● **To do**
In the records below, find the line with "Society6 Mirimo White" and the line with "For iPhone 16". Print both exactly, along with every line between them, and no other line.

● **Material for the task**
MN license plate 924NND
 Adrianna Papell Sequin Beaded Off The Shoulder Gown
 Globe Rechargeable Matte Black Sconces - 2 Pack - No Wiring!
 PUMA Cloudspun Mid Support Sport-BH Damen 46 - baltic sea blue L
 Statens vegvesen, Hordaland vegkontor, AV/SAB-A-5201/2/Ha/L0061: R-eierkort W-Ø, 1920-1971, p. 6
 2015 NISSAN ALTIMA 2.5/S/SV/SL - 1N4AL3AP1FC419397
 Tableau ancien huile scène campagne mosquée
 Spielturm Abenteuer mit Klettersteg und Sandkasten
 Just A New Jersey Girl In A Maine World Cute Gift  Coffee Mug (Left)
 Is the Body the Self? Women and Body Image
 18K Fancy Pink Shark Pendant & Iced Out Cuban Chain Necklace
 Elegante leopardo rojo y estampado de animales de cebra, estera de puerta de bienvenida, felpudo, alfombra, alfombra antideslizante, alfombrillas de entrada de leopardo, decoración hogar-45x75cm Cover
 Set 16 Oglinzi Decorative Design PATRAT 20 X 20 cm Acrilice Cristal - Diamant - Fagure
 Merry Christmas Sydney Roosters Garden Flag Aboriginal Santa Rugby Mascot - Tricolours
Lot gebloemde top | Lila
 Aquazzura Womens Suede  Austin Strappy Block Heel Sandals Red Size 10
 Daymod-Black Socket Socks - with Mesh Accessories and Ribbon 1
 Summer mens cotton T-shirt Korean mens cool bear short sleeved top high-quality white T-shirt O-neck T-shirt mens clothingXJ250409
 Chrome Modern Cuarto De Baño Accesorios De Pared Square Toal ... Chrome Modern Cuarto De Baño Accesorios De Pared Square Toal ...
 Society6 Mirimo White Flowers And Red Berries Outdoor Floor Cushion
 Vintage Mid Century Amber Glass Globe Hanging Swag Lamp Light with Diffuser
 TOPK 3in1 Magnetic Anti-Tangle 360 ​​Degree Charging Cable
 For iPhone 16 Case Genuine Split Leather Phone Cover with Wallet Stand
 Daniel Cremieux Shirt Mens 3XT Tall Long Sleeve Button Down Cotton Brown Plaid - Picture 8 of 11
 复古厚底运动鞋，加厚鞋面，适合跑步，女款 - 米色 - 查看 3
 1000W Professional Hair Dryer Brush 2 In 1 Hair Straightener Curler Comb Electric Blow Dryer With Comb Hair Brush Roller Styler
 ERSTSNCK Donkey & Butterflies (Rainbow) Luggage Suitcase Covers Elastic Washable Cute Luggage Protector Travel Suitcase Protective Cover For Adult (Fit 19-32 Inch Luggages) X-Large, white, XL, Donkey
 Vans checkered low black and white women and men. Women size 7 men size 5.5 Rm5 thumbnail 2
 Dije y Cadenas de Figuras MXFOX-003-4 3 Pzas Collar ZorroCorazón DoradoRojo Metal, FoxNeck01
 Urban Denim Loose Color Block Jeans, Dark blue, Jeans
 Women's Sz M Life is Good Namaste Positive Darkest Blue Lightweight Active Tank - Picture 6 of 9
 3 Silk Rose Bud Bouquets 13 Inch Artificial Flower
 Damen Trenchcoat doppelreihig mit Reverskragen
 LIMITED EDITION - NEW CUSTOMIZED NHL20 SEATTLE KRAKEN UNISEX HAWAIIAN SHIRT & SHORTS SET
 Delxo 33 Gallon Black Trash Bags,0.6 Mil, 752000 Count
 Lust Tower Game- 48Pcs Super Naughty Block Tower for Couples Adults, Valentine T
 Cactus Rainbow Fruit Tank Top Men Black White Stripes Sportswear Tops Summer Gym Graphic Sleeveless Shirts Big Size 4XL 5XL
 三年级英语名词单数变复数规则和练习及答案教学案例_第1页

● **Completed task**
 Society6 Mirimo White Flowers And Red Berries Outdoor Floor Cushion
 Vintage Mid Century Amber Glass Globe Hanging Swag Lamp Light with Diffuser
 TOPK 3in1 Magnetic Anti-Tangle 360 ​​Degree Charging Cable
 For iPhone 16 Case Genuine Split Leather Phone Cover with Wallet Stand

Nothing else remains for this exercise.